Angelo DOSSOUMOU 21 février 2022

La beauté éblouissante des 26 objets d’art restitués par l’ancien colonisateur n’aura pas suffi pour éclipser certaines apparitions samedi dernier au palais de la Marina. Comme dans un conte de fée, l’ancien président de la République, ancien maire de Cotonou et surtout opposant au régime en place, Nicéphore Soglo était en bonne place à la cérémonie d’exposition des trésors royaux d’Abomey. Loin d’être anodine, cette présence témoigne de la force de la culture à faire taire les divergences politiques. Ne serait-ce que le temps d’une communion autour des trésors royaux restitués par la France, le patriarche fâché contre la gouvernance Talon, s’est réjoui d’une prouesse qui permet aujourd’hui à tous ses compatriotes de contempler sur la terre natale, la capacité artistique de ses aïeuls du royaume d’Abomey.
Que dire de Lionel Zinsou, challenger en 2016 de l’actuel locataire de la Marina et, par la suite, condamné à 4 ans d’inéligibilité pour dépassement des frais de campagne ? Nonobstant cette condamnation difficilement digérable pour tout acteur politique, la magie culturelle a opéré et non seulement, les deux anciens protagonistes de la présidentielle de 2016 ont pris le même vol pour rentrer à Cotonou mais aussi, partager la ferveur autour des 26 objets d’art exposés enfin sur la terre de leurs vrais propriétaires. En somme, Patrice Talon, Nicéphore Soglo et Lionel Zinsou, le même jour et au même lieu, partageant le même sentiment de fierté nationale, il n’y a, pour l’instant, que la culture pour réaliser cette alchimie. Peut-être bien, si les Ecureuils du Bénin réalisaient comme le Sénégal, la prouesse de gagner la prochaine Coupe d’Afrique des Nations (Can), les observateurs de l’animation de la vie politique auront droit à un cachet aussi spécial.

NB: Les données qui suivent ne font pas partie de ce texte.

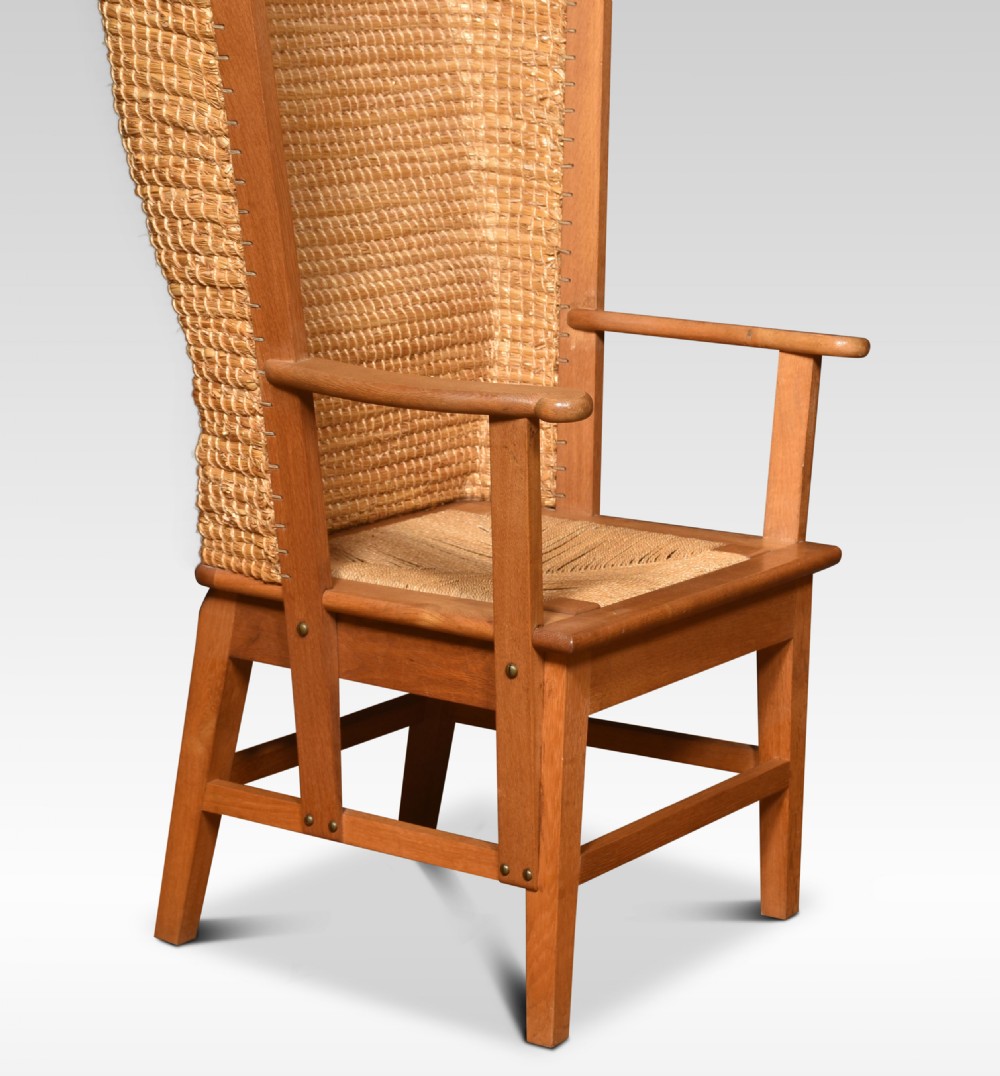 An antique oak-framed Orkney chair featuring a high curved hooded back woven from natural straw and flat timber armrests. View II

Du moins, à part la culture, il n’y a que le sport en général et le football en particulier pour forcer, contre toute attente, une décrispation politique. D’ailleurs, en 2019 en Egypte, le billet des quarts de finale arraché face aux Lions de l’Atlas du Maroc, a momentanément fait oublier le climat politique délétère. Reste à présent à savoir quelle sera la suite à donner à l’image projetée samedi dernier au Palais de la Marina par ces acteurs politiques clés. En effet, devant la menace djihadiste, les difficultés liées à la cherté de la vie, un dégel politique pas circonstanciel mais pérenne épargnera bien de désagréments à la paix au Bénin. Et donc, au-delà des retrouvailles politiques marquantes autour des biens culturels, le peuple, soucieux de son mieux-être, se satisferait d’un dégel total et d’une union pour le développement du pays dans l’esprit de la jarre trouée du roi Guézo. Et tant que c’est possible, toutes les bonnes volontés doivent y œuvrer.